Start of Block

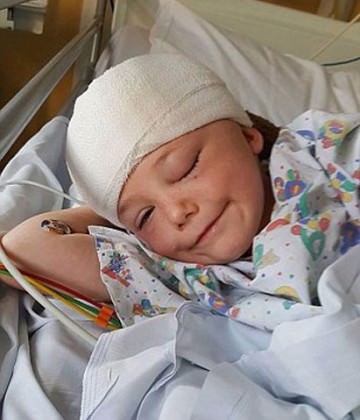 Arkadaşıyla &ccedil;arpışınca beyin kanaması ge&ccedil;irdi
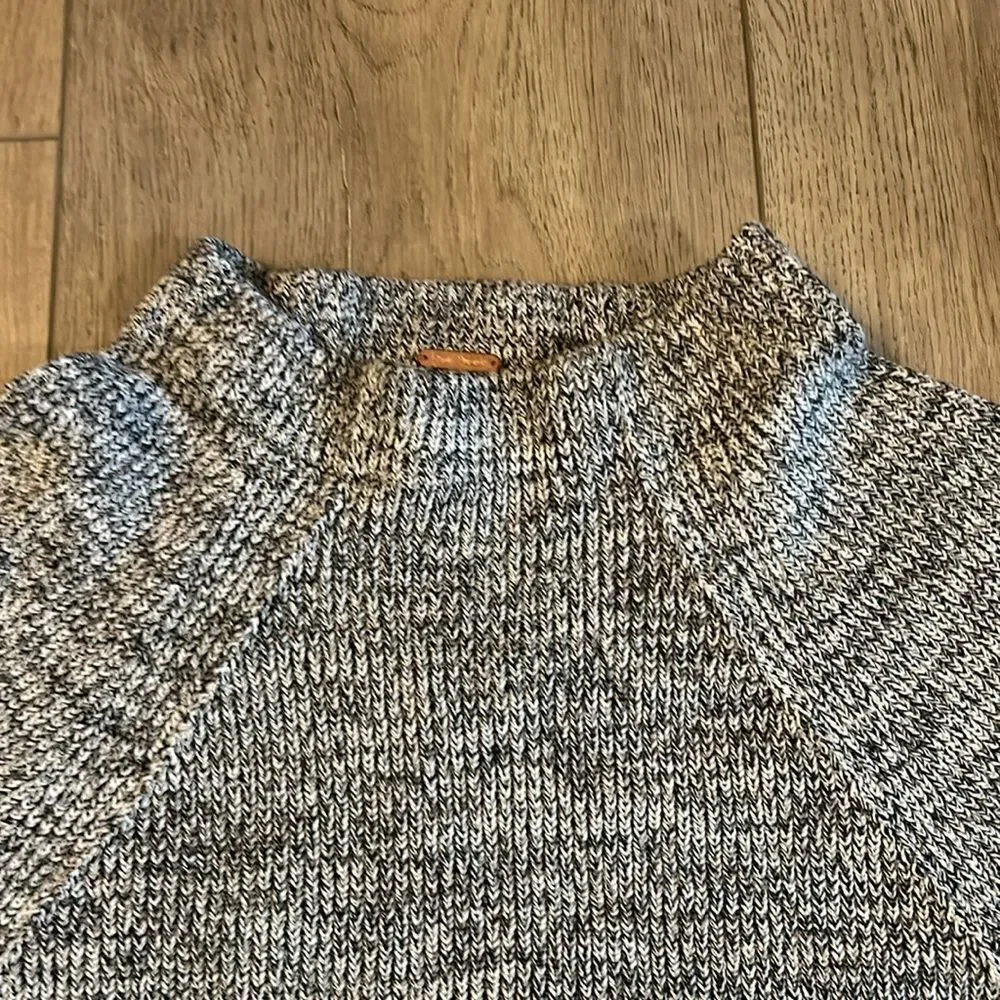 LIKE NEW FREE PEOPLE THICK KNIT CROPPED MOCK NECK SWEATER GRAY SIZE MEDIUM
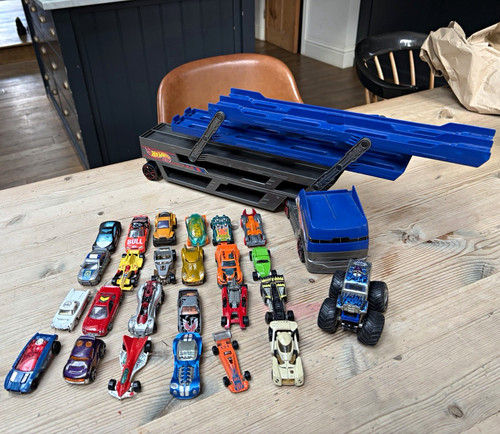 Hot wheels car transporter - wheels,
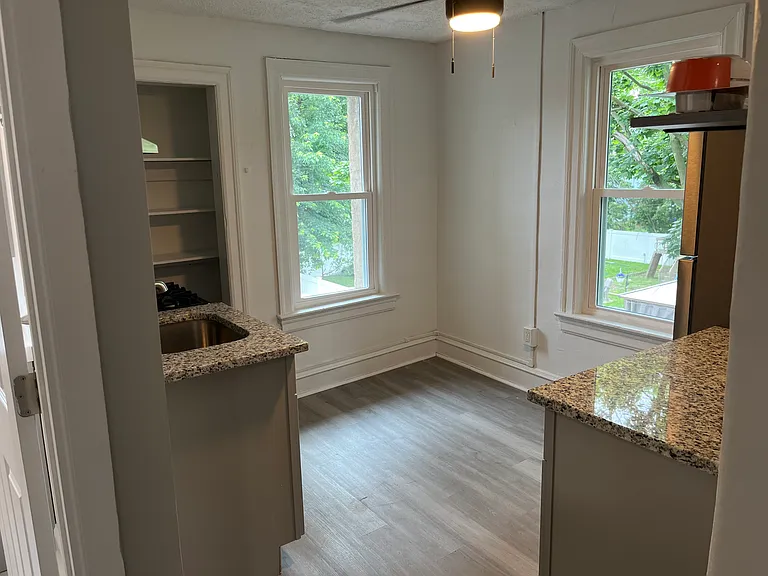 409 Newton Ave #2 — Photo 8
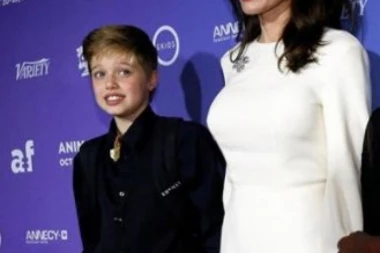 IME KOJE JE ANĐELINA DALA DETETU SIMBOLIŠE SUROVU PORODIČNU TAJNU:  Ceo svet je osuđuje nakon ovgo saznanja!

End of Block

*Work to be completed*. Write the lines from the one with "409 Newton Ave #2 — Photo 8" through the last line of the entries out again exactly, both ends included, and skip the pictures.

*Response to the exercise*.
 409 Newton Ave #2 — Photo 8
 IME KOJE JE ANĐELINA DALA DETETU SIMBOLIŠE SUROVU PORODIČNU TAJNU:  Ceo svet je osuđuje nakon ovgo saznanja!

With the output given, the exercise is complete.